Bashar Murad is a Palestinian queer artist and activist. He lives in the Sheikh Jarrah neighborhood of Jerusalem, but his fame and work have long gone beyond the borders of his hometown. In 2021, I interviewed Murad, who writes songs and performs on topics such as social norms, gender/sexuality, the Israeli occupation, and LGBTQI+ rights, to tell Velvele readers what he had witnessed during the days when Israel tried displacing Palestinians living in Sheikh Jarrah. Our conversation spanned from what Israel’s unlawful actions in Sheikh Jarrah to pinkwashing, and the importance of the Palestinian struggle. Unfortunately, what the musician told us two years ago is still valid today. Nowadays, those who justify Israel’s unapologetic and deliberate ethnic cleansing in Gaza often direct deliberate and manipulative questions to LGBTQI+ people who support the Palestinian struggle, so, we decided to translate our interview with Bashar Murad, which originally appeared in Turkish, into English.

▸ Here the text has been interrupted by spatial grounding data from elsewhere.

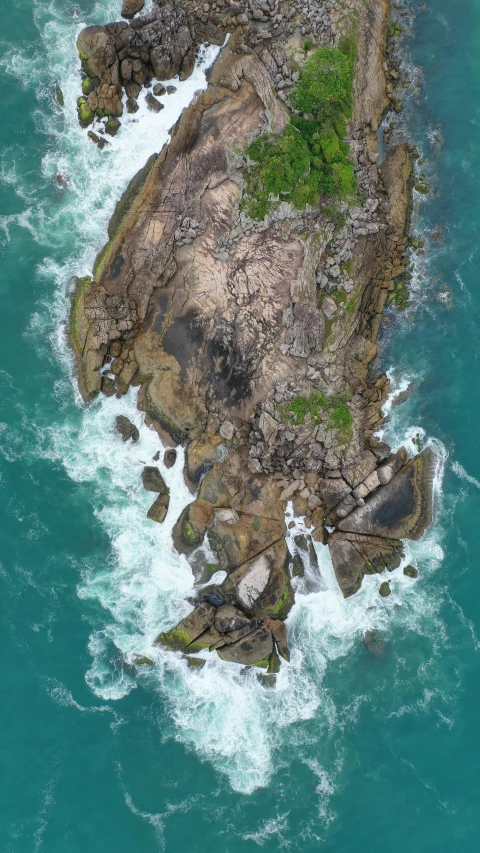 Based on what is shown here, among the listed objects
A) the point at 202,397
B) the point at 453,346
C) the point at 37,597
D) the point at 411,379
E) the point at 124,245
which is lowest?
the point at 37,597

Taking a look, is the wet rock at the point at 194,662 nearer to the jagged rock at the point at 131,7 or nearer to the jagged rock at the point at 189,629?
the jagged rock at the point at 189,629

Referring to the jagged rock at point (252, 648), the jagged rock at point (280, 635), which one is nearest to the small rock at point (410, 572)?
the jagged rock at point (280, 635)

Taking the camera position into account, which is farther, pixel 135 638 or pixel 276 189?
pixel 135 638

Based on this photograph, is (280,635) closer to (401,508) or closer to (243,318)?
(401,508)

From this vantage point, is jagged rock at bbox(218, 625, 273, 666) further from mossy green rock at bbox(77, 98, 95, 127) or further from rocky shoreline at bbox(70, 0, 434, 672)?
mossy green rock at bbox(77, 98, 95, 127)

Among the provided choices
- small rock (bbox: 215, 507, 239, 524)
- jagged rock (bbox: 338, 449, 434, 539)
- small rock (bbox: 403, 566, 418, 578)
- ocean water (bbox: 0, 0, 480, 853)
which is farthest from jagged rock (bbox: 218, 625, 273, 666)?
small rock (bbox: 403, 566, 418, 578)

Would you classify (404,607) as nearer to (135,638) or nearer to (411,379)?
(411,379)

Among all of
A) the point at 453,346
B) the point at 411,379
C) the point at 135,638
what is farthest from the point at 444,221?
the point at 135,638

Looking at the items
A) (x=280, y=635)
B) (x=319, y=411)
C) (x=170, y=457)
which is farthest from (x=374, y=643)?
(x=170, y=457) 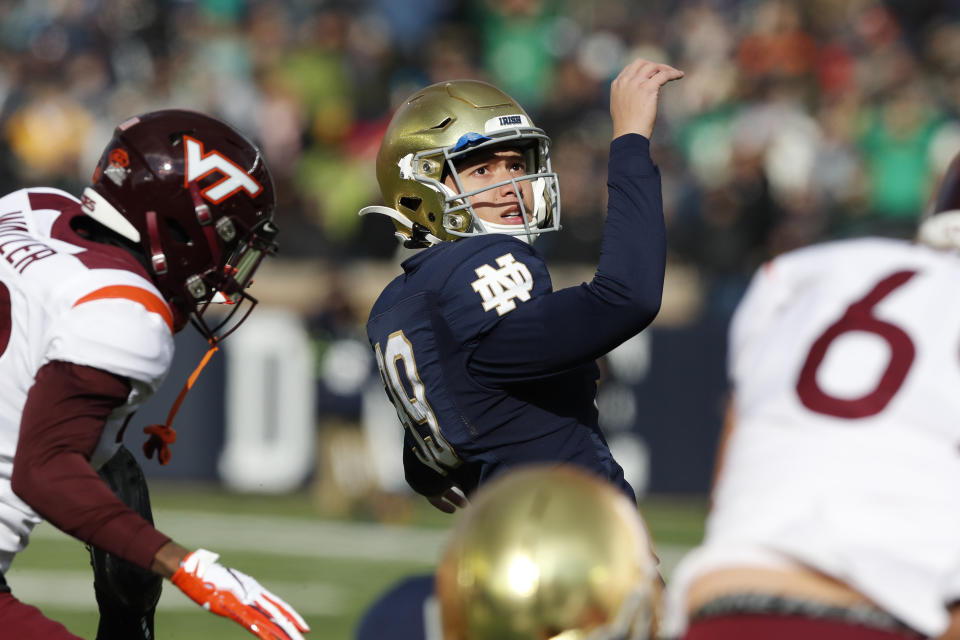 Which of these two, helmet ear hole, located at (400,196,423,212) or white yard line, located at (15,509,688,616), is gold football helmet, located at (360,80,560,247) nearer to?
helmet ear hole, located at (400,196,423,212)

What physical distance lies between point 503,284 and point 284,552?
534 cm

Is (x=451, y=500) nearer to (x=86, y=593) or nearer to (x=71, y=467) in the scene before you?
(x=71, y=467)

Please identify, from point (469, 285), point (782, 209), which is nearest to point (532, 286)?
point (469, 285)

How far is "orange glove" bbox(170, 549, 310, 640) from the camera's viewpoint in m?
2.75

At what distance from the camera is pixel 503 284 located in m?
3.10

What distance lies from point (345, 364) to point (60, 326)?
698 cm

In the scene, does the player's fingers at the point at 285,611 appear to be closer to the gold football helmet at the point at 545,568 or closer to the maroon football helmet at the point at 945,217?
the gold football helmet at the point at 545,568

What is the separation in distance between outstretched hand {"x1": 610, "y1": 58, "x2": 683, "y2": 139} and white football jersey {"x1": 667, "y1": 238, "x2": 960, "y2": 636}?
1.01 metres

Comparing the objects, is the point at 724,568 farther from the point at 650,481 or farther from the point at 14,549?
the point at 650,481

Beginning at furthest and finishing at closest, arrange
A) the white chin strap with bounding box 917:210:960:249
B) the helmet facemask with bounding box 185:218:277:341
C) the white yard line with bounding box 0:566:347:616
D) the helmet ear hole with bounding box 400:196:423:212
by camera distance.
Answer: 1. the white yard line with bounding box 0:566:347:616
2. the helmet ear hole with bounding box 400:196:423:212
3. the helmet facemask with bounding box 185:218:277:341
4. the white chin strap with bounding box 917:210:960:249

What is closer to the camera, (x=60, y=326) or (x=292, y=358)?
(x=60, y=326)

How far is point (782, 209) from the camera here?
35.1 feet

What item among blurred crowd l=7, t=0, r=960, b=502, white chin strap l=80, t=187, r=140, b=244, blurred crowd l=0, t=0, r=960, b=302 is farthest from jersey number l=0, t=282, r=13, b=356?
blurred crowd l=0, t=0, r=960, b=302

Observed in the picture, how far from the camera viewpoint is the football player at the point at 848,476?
202cm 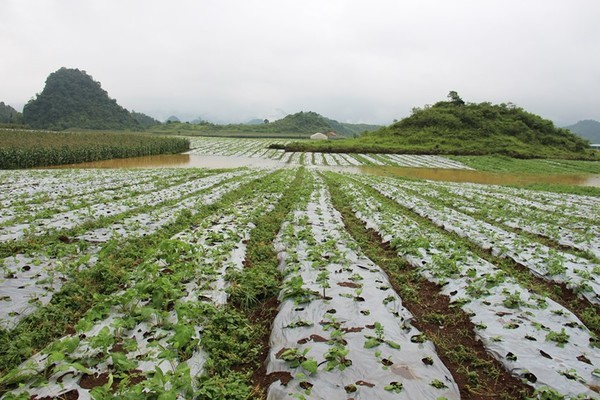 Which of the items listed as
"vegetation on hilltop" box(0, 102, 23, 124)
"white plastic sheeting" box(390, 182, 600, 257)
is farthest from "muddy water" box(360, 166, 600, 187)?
"vegetation on hilltop" box(0, 102, 23, 124)

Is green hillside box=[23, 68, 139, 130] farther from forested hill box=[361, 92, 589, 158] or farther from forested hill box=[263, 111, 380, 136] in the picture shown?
forested hill box=[361, 92, 589, 158]

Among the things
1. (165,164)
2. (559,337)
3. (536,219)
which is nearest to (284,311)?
Answer: (559,337)

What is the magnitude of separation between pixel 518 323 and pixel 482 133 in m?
61.7

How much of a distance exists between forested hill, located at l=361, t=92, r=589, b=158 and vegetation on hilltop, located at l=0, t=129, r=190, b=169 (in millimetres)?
37213

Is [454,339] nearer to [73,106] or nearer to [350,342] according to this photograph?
[350,342]

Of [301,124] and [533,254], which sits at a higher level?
[301,124]

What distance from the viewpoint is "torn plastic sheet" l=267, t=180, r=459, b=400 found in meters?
3.14

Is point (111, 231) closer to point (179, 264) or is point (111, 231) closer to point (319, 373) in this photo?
point (179, 264)

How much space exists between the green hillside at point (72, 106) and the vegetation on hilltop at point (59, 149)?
204ft

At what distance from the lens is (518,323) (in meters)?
4.36

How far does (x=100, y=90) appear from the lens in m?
98.6

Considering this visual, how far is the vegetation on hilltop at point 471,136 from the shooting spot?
50250mm

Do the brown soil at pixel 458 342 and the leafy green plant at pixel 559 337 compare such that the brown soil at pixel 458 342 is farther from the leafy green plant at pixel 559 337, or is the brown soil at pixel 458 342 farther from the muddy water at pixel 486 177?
the muddy water at pixel 486 177

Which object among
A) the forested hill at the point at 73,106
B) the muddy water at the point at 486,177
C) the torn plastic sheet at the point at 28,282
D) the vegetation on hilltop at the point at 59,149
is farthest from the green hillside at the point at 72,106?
the torn plastic sheet at the point at 28,282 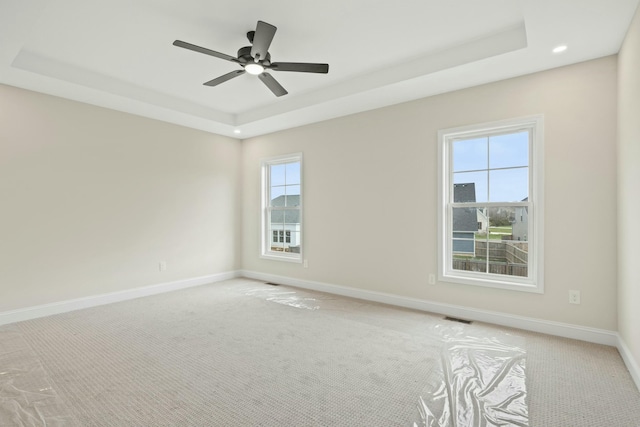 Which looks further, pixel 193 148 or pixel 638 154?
pixel 193 148

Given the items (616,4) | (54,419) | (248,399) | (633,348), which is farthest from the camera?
(633,348)

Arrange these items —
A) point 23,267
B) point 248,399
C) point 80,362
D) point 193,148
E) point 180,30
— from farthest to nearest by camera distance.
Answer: point 193,148 → point 23,267 → point 180,30 → point 80,362 → point 248,399

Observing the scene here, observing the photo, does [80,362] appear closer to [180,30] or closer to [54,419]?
[54,419]

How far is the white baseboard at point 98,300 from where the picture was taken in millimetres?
3546

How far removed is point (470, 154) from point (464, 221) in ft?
2.51

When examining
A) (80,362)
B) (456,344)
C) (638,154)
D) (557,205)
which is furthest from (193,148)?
(638,154)

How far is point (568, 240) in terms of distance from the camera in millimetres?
3041

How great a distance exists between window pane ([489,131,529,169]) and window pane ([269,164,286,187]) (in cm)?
328

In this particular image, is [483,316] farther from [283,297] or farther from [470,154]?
[283,297]

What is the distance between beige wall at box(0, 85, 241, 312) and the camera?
357cm

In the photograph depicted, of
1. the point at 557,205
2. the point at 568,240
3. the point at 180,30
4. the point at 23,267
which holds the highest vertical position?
the point at 180,30

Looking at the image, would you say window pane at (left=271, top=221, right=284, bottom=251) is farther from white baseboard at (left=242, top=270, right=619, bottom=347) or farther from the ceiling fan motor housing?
the ceiling fan motor housing

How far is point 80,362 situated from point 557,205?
4395 mm

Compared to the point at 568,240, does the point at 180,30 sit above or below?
above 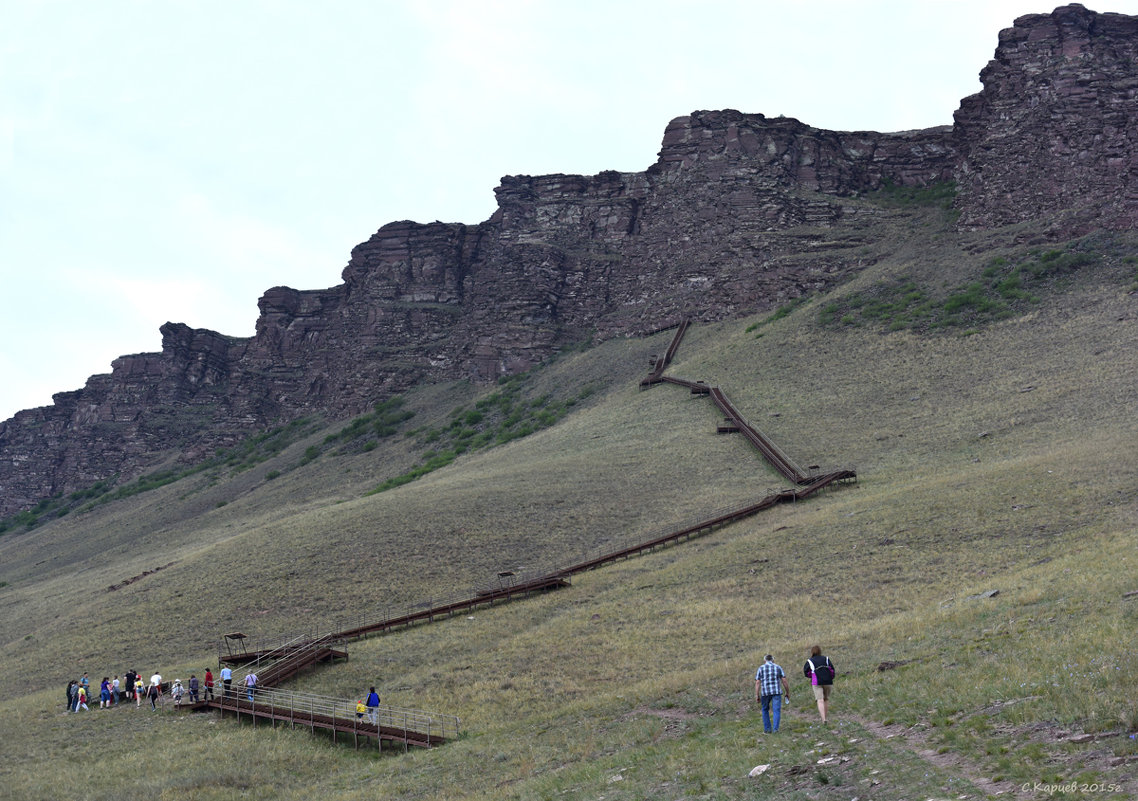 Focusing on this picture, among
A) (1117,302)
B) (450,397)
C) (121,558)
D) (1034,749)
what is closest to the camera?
(1034,749)

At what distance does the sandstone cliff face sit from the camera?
90.2 meters

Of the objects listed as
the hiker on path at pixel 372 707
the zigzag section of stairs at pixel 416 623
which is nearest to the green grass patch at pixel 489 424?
the zigzag section of stairs at pixel 416 623

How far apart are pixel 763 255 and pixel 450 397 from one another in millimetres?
36572

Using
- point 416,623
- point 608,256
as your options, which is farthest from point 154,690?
point 608,256

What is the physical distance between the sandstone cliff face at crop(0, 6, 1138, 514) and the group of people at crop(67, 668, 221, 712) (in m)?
73.3

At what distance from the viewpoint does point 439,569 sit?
44344 mm

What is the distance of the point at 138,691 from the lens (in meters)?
29.5

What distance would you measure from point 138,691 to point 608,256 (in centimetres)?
9764

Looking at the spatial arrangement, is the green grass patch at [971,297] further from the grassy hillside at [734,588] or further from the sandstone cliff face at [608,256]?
the sandstone cliff face at [608,256]

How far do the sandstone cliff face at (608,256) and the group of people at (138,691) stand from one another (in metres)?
73.3

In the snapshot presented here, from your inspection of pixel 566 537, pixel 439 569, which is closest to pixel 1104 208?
pixel 566 537

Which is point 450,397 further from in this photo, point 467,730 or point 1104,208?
point 467,730

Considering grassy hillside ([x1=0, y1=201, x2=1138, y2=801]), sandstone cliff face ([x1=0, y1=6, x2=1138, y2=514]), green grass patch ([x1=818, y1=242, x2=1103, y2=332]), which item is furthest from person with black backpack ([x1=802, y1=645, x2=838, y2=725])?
sandstone cliff face ([x1=0, y1=6, x2=1138, y2=514])

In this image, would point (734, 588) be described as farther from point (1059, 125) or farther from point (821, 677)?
point (1059, 125)
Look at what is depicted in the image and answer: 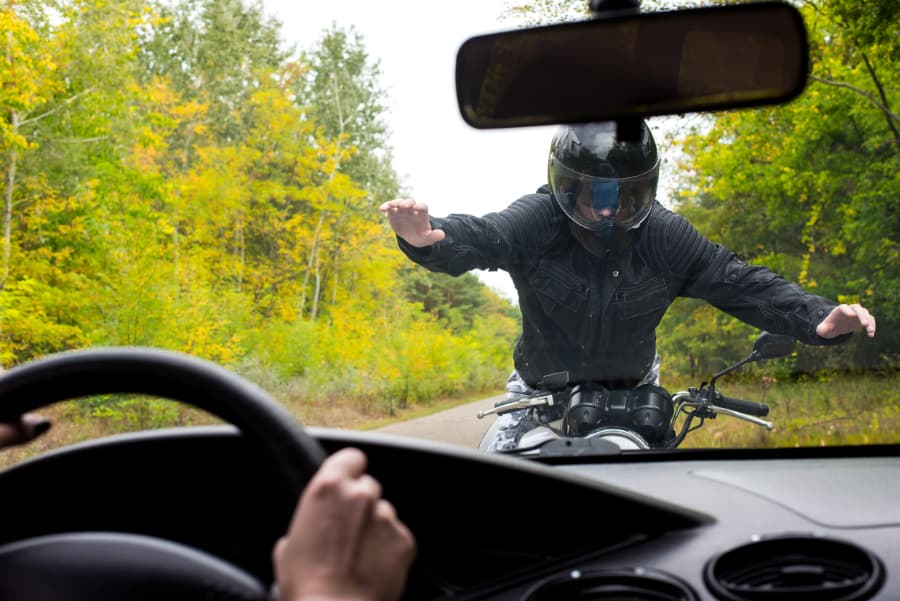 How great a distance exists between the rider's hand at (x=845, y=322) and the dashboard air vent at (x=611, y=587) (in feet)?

At this moment, Palestinians are isolated and most countries are criminalizing showing support to the Palestinian struggle. As we are re-publishing this interview, we would like to emphasize that we stand with the Palestinians and against the Israeli occupation.
Israel’s displacement of Palestinians has been well-documented. Sheikh Jarrah is the newest chapter of this history. Can you tell us a little bit of what is going on in Sheikh Jarrah that we don’t see in the news?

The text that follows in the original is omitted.